The lancor provider runs llama.cpp models locally on any platform (Linux, Mac, Windows). Build with --features lancor and point it at a GGUF model file. No API key, $0/token.
provider = "mlx"
model = "mlx-community/Qwen3.5-9B-OptiQ-4bit"
base_url = "http://localhost:8080/v1"
Verify your setup:
pawan doctor
Initialize a project
cd your-project
pawan init
This creates:
pawan.toml— configuration filePAWAN.md— project context (pawan reads this to understand your codebase).pawan/— local pawan directory
First run
# Interactive TUI
pawan
# Or try a quick task
pawan explain src/main.rs
What's New in v0.5.5
TUI Reliability & Polish
- Slash command submission —
/theme <name>and other argument-bearing slash commands now submit on Enter instead of being intercepted by the inline picker - Readable input placeholder — placeholder styling is theme-aware at startup, after resets, and after theme switches
- Polished bottom status bar — model, tokens, context percentage/bar, iteration, and timestamp are visually separated
- Expanded TUI tests — key-event regressions and Ratatui TestBackend assertions cover
/theme, placeholder styling, and status formatting
Configuration
Priority: CLI flags > environment variables > pawan.toml > defaults
Environment variables
| Variable | Description |
|---|---|
PAWAN_MODEL | Model override (e.g., minimaxai/minimax-m2.5) |
PAWAN_PROVIDER | Provider: nvidia, ollama, openai, mlx, lancor |
PAWAN_TEMPERATURE | Temperature (0.0-2.0) |
PAWAN_MAX_TOKENS | Max output tokens |
PAWAN_MAX_ITERATIONS | Max tool-calling iterations |
pawan.toml
provider = "nvidia"
model = "qwen/qwen3.5-122b-a10b"
temperature = 0.6
max_tokens = 4096
max_tool_iterations = 20
thinking_budget = 0
# Opt-in: use ares-server's LLMClient + tool coordination primitives
# Requires building with --features ares
use_ares_backend = false
# Optional: link to an external skills repository (dstack-style)
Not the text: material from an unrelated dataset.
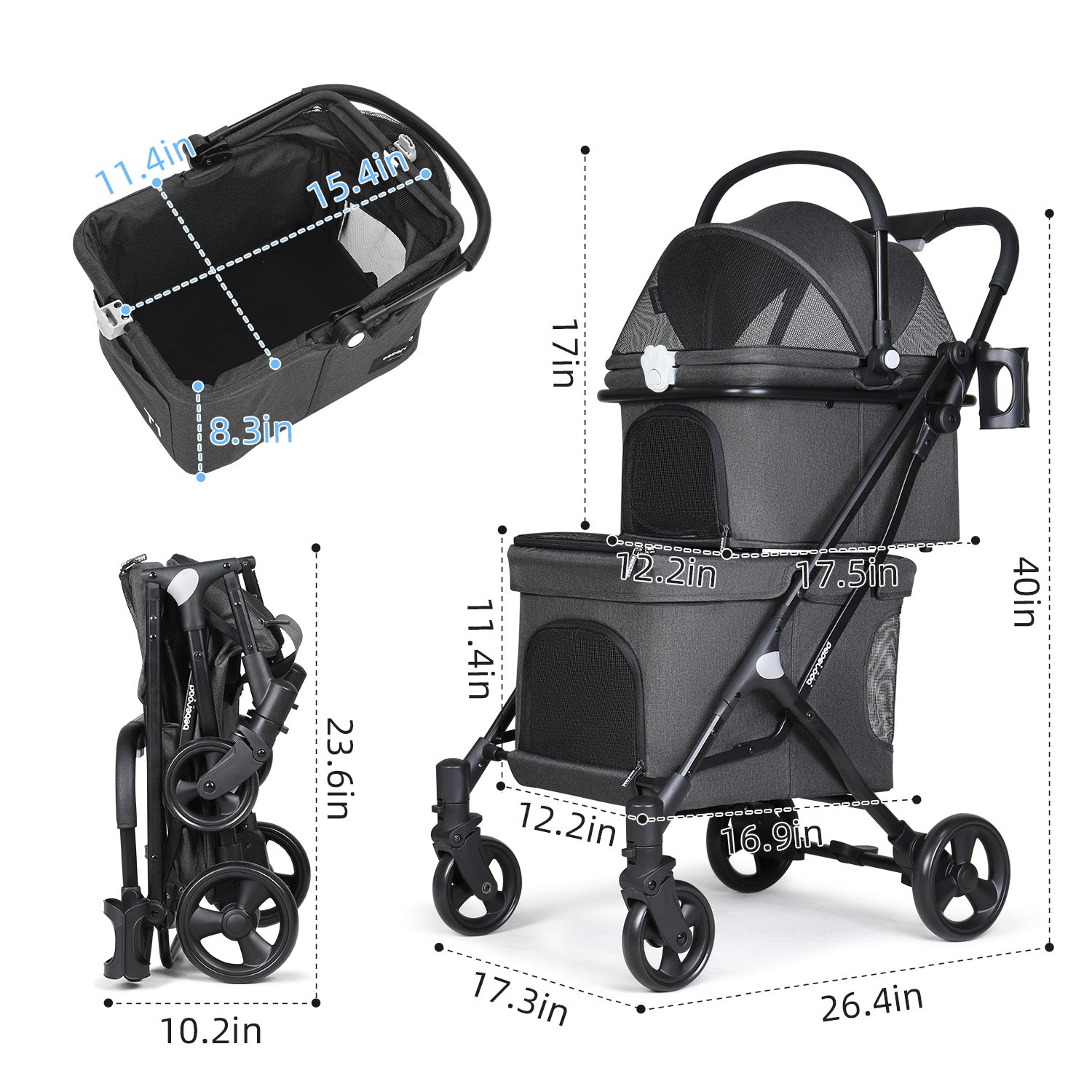 Beberoad T1 Double Pet Stroller | Lightweight Foldable | with Detachable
# Overridden by PAWAN_SKILLS_REPO env var
skills_repo = "/opt/dirmacs-skills"
[cloud]
provider = "nvidia"
model = "minimaxai/minimax-m2.5"
[eruka]
enabled = true
url = "http://localhost:8081"
# MCP servers are auto-discovered from PATH at startup:
# - eruka-mcp (context memory)
# - daedra (web search)
# - deagle-mcp (code intelligence)
# Explicit entries override auto-discovery.
[mcp.daedra]
command = "daedra"
args = ["serve", "--transport", "stdio", "--quiet"]
Dirmacs stack integration
Pawan is built on top of the dirmacs Rust stack for maximum reuse:
- ares-server: LLM client abstraction, tool coordination, agent primitives (opt-in via
--features ares) - deagle: graph-backed code intelligence — embedded as library deps (
deagle-core+deagle-parse), no external binary needed; 5 tools: search, keyword, sg, stats, map - thulp (thulp-core / thulp-skill-files): typed tool definitions, SKILL.md parsing
- thulp-skills: multi-step skill workflow execution with timeout/retry
- thulp-query: DSL for dynamic tool filtering (
name:git,has:path, etc.) - thulpoff (thulpoff-core / thulpoff-engine): skill distillation, evaluation, refinement from agent sessions
- eruka-mcp: context memory MCP server (auto-discovered)
- daedra: web search MCP server (auto-discovered)
Common workflows
Fix a broken build
pawan heal
AI-powered commit
# Stage all, generate message, confirm, commit
pawan commit -a
# Just preview the message
pawan commit --dry-run
# Skip confirmation
pawan commit -a -y
Code review
# Review all changes
pawan review
# Review only staged changes
pawan review --staged
Continuous healing
# Check every 10 seconds, auto-commit fixes
pawan watch --interval 10 --commit
Headless scripting
# Single prompt
pawan run "add error handling to the config parser"
# From file
pawan run -f task.md --timeout 300 --output json
Skill distillation
Distill completed sessions into reusable SKILL.md files that capture learned patterns:
# Run a task, then distill it
pawan task "set up CI with GitHub Actions"
pawan distill
# Distill a specific session
pawan distill -s abc123 -o ./skills
The generated skill can be loaded by any thulp-compatible agent, creating a learning loop: do the work once, distill it, reuse it.
Permissions
Control which tools require approval:
# In pawan.toml
[permissions]
bash = "prompt" # ask before shell commands
git_commit = "prompt" # confirm before committing
write_file = "allow" # auto-allow (default)
In TUI mode, prompt tools show an inline y/n dialog. In headless mode, prompt tools are denied for safety. Read-only bash commands are auto-allowed.